Et qui, tout en ressemblant à un film de Mouret, a tout de même son identité à lui :
J'entends par là que l'on retrouve ici tout ce qui fait le charme de son cinoche, à savoir une brochette de personnages immédiatement attachants – auprès desquels j'étais déjà bien après cinq minutes de film –, des chassés-croisés amoureux réjouissants – coups de foudre et infidélités à la carte bien sûr – et, évidemment, son sens du dialogue entre tout ce beau monde... toujours délicieux... Avec des phrases que l'on entend décidément que chez Mouret... Des répliques comme "Dans ce cas, je te demande par avance de m'excuser pour la peine que ça te fera" ou "Je te promets que son amant est un type formidable, sois rassuré, elle est entre de bonnes mains" (bon là comme ça, à l'écrit et sorties de leur contexte, c'est pas forcément hilarant j'en conviens, mais les familiers du cinoche de Mouret n'auront aucun mal à les entendre dans leur tête et comprendront de quoi je veux parler).
Bref, la plume du bonhomme est toujours aussi délicieuse.
Puis cette façon de filmer les gens qui s'aiment (enfin ! encore ? hélas plus...), et de te faire comprendre en un plan, un regard, que tel personnage est amoureux, ou au contraire ne l'est plus ; ou que tel personnage est en fait le fameux amant dont on parle... On passe deux heures à les écouter parler d'amour, et déployer leurs sentiments ; mais il reste quand même des choses à faire dire à la caméra, c'est beau.
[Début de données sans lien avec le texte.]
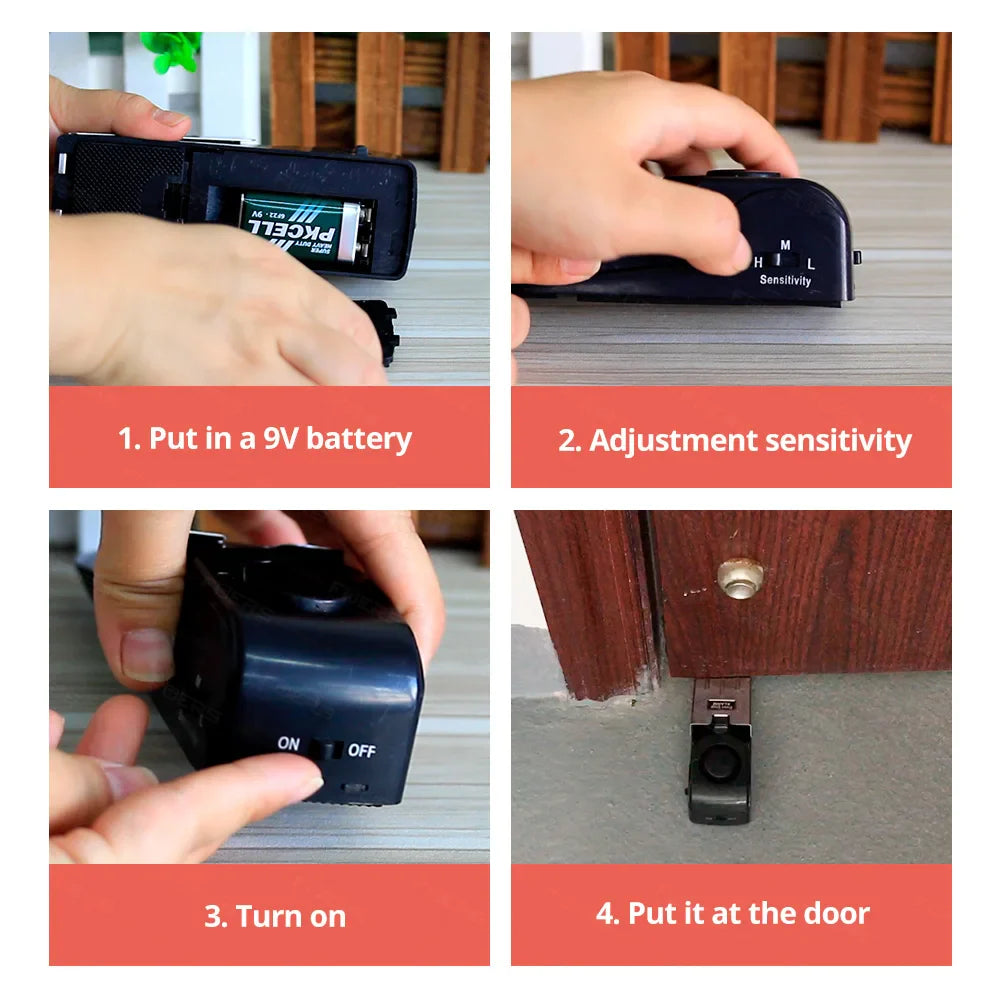 FUERS Wireless Door Stop Alarm: 125dB Loud Home Security & Anti-Theft Door Block System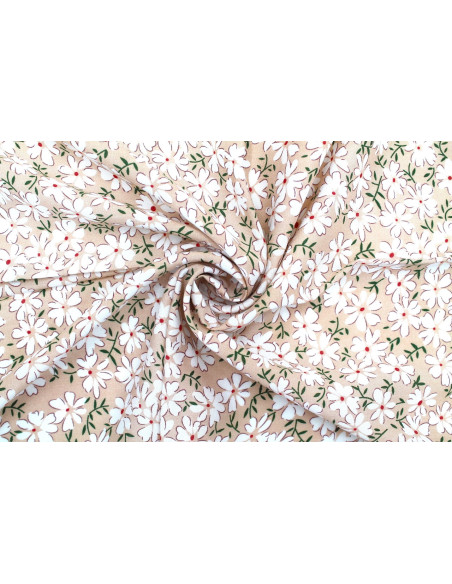 Tissu Viscose Imprimé Fleur Jada Beige -Au Mètre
Le tout comme d'habitude (sauf peut-être dans Mademoiselle de Joncquières – si ma mémoire ne me trompe pas) drapé dans ces éternelles et exceptionnelles délicatesse et bienveillance si typiques du cinoche de Mouret, c'est-à-dire que personne ne pense jamais à mal, tout le monde souffre sincèrement de faire souffrir l'autre... Alors on s'excuse, on s'explique, on essaie de ne blesser personne... Même le personnage de Sara Forestier, qui est, sur le papier, la salope de cette bande de trois amies (celle qui se tape le mari de l'une des deux autres), a, malgré ce rôle ingrat, en fait bon fond. Chez d'autres, ce pourrait être insupportable de naïveté/angélisme/délicatesse empruntée, mais chez Mouret, ça fonctionne toujours... (Serait-ce donc cela, le talent ?)
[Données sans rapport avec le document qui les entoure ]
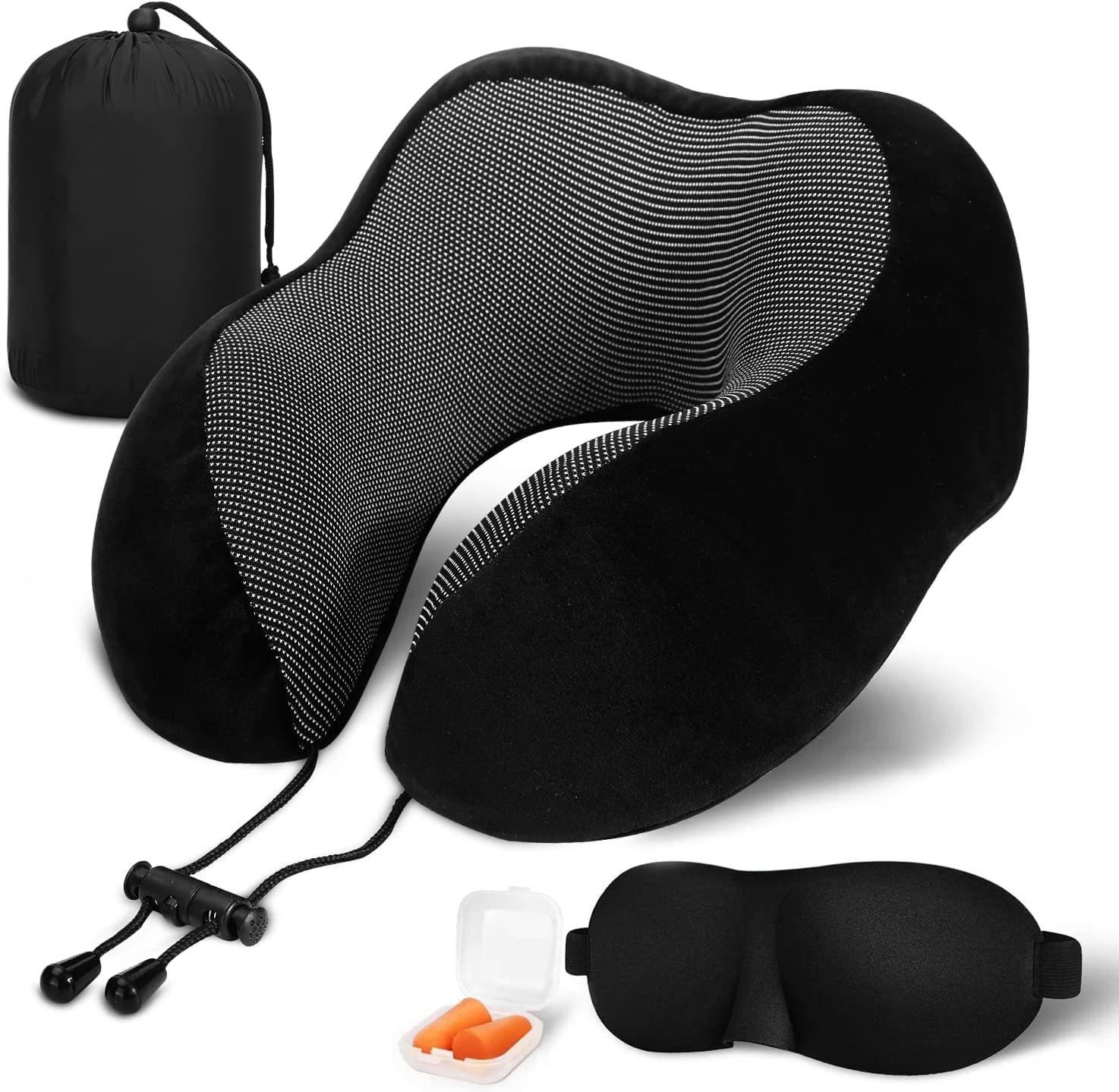 MAANYSMAANYS Travel Pillow for Airplane Sleeping, Memory Foam Neck Pillow, Versatile Usage for Travel, Car, Office, Work from Home, Ideal Travel Kit with 3D Eye Mask, Earplugs & Portable Luxury Bag(Black)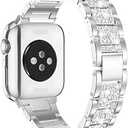 Mosonio Compatible with Apple Watch Band 38mm 40mm 41mm 42mm 44mm 45mm 46mm 49mm with 2 Pack Case Women, Jewelry Replacement Metal Bands Strap with Bling PC Protective Case for iWatch Ultra SE Series 11/10/9/8/7/6/5/4/3/2/1 (Sizes Vary By Mode)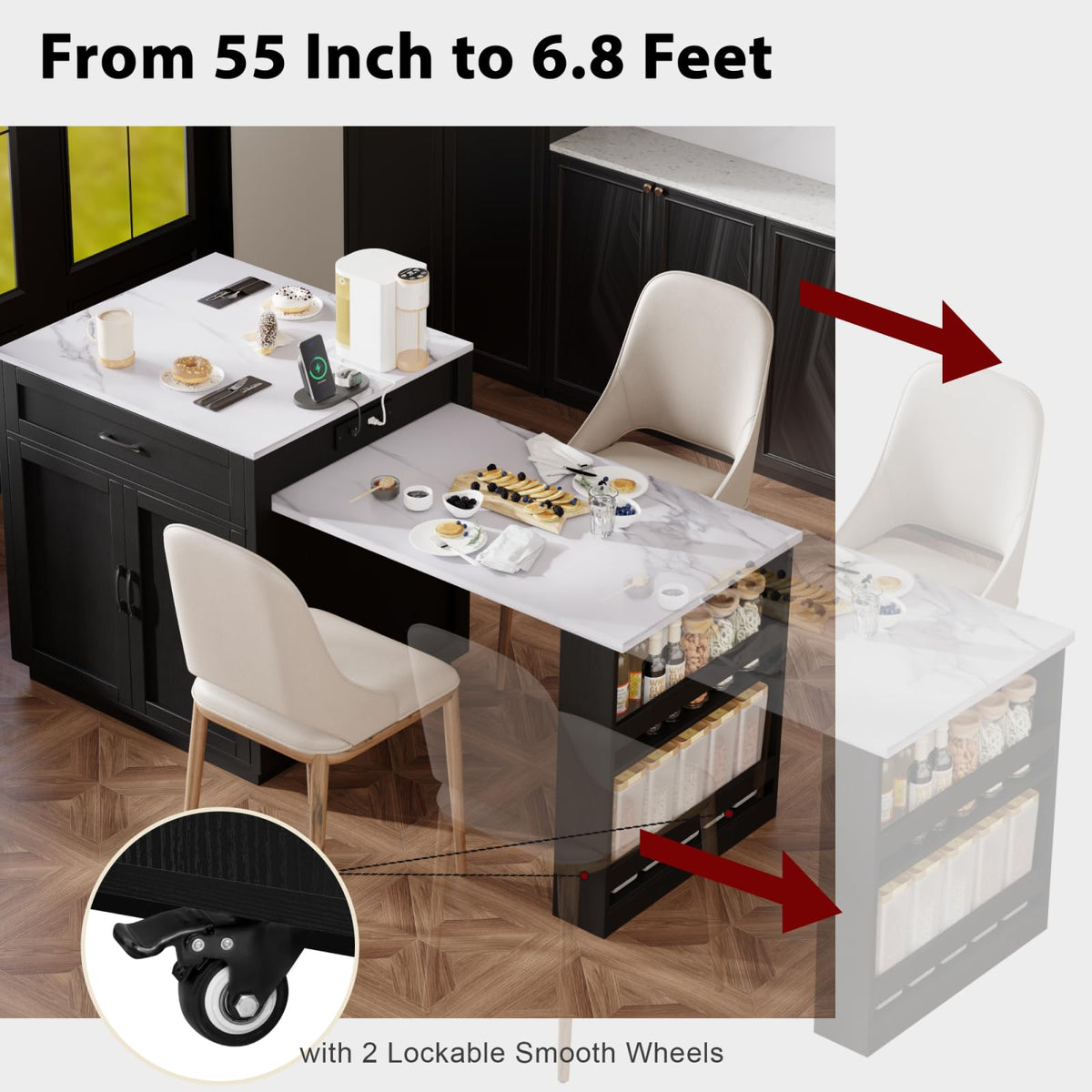 Large Kitchen Island with Extended Dining Table and Power Outlet, Rolling Kitchen Storage Cart with 3 Drawers, Kitchen Island on Wheels with Spice Rack and 2 Door Cabinet, Black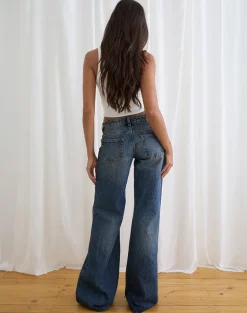 Low Rise Slouchy Flare Jeans in Steel Blue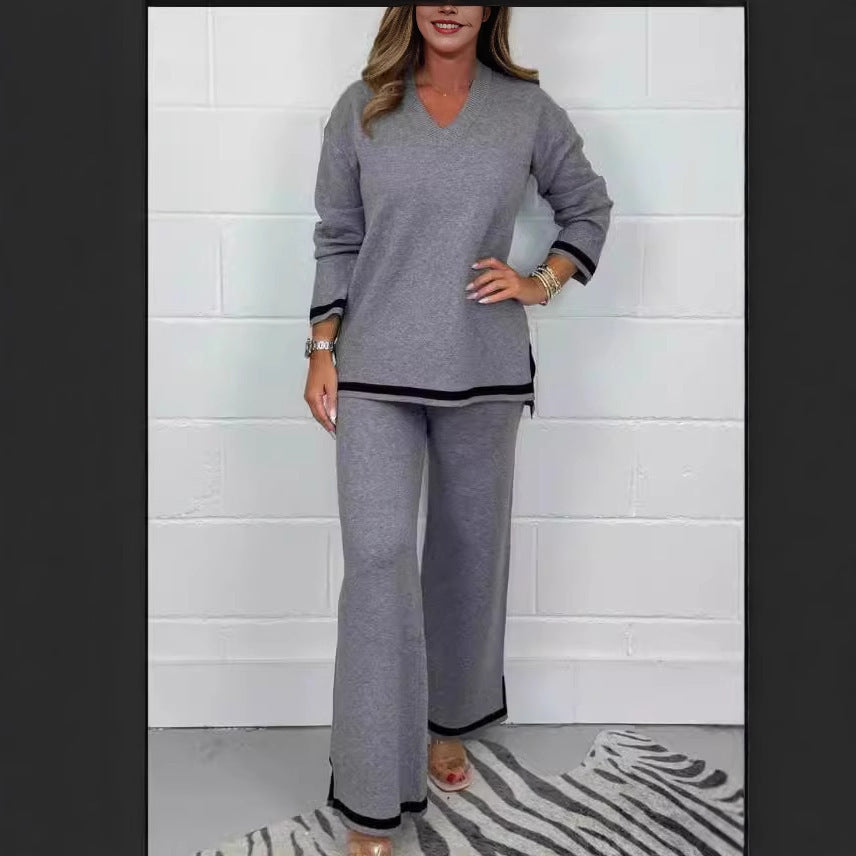 Autumn And Winter Temperament Leisure Solid Color Knitted Long Sleeve Trousers Suit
Et je disais plus haut que ce film de Mouret a tout de même son identité à lui : elle passe en effet par une dimension assez inédite à mes yeux, celle d'une douleur diffuse constante, via le personnage d'India Hair, qui va au début du film vivre un deuil puis un sentiment de culpabilité assez terrible, qui s'avèrera l'enjeu émotionnel de son personnage (le principal du film, même si les trois partitions des trois amies du titre sont assez équilibrées). Et franchement, ça marche du tonnerre : je m'amuse toujours devant ses films, et souvent je jubile devant certaines répliques/dialogues ; mais pour la première fois ici j'ai été ému, et à plusieurs reprises j'ai senti un truc couler sur ma joue (comme dirait l'autre).
Et pourtant, ça reste globalement léger, on n’est pas pour autant sur une tonalité dépressive, ou ne serait-ce que grave. Ça reste fondamentalement léger. On en sort avec le sourire.
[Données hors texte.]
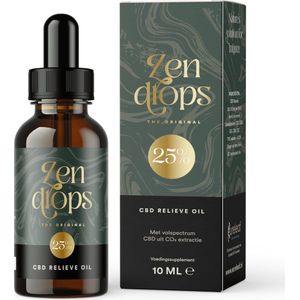 Eureleaf Zendrops CBD olie 25% - 10ml natuurlijke hennepolie, vol spectrum CBD, Europees natuurproduct, Vegan olie, Cannabidiol
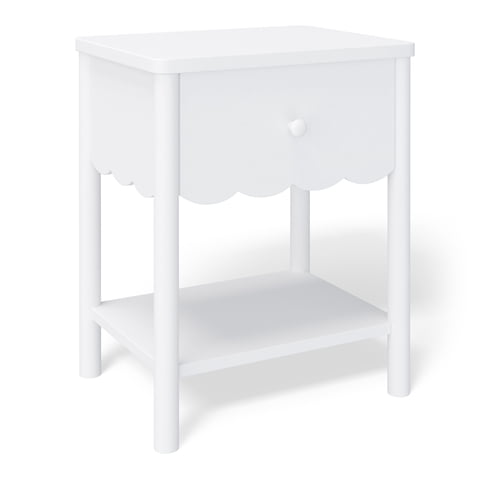 Mainstays Kids One Drawer Scallop Nightstand, White
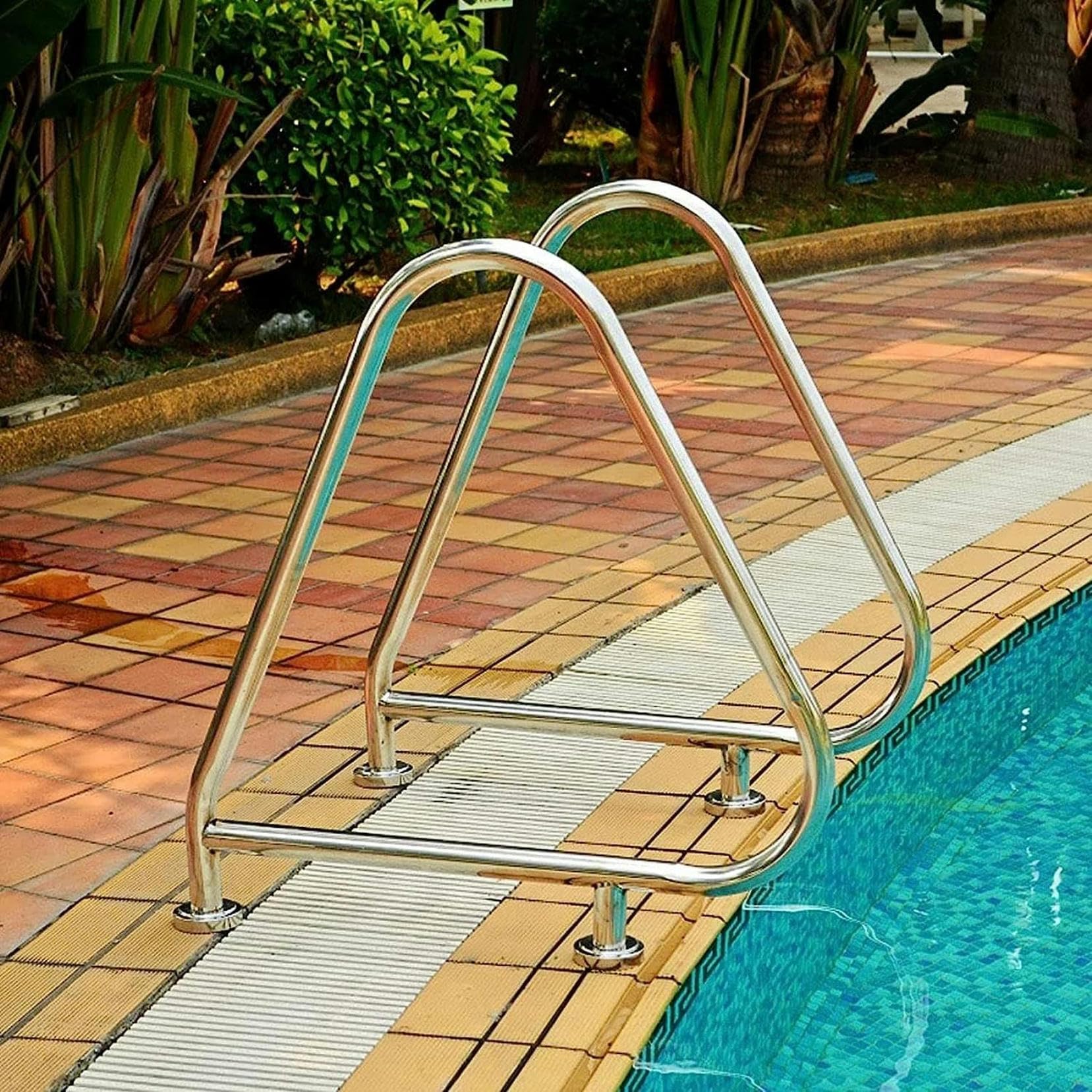 Barandilla de Piscina de fácil instalación, de 81x90 cm, Apta para Piscinas empotradas, con Soporte Lateral, diseño Antideslizante, Que Mejora la Experiencia de natación y Proporciona una só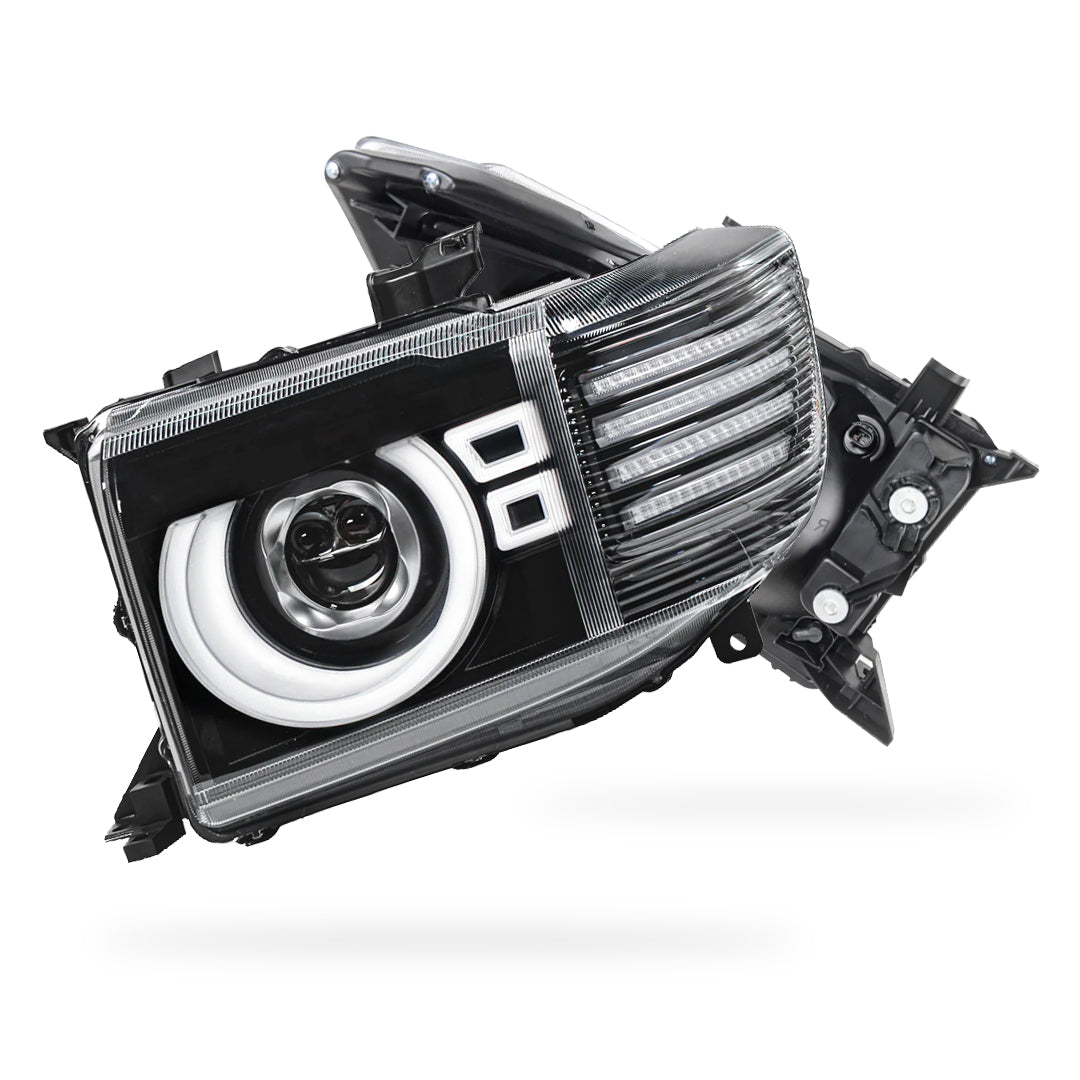 Toyota LandCruiser FJ70 / LC73 / LC76 / LC78 / LC79 Series (2023 - 2026) Black Full LED Laser Headlights LH + RH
Bref, la recette habituelle du bonhomme, mais avec un petit ingrédient inédit, amer, qui lui donne un goût supplémentaire ! Je valide de mon côté.
Bref (bis) : ceux qui aiment le cinoche de Mouret devraient aimer ce film ; ceux qui ne le connaissent pas peuvent complètement le découvrir avec celui-ci ; et ceux qui ne l'aiment pas... rendez-vous service et redonnez-lui une chance.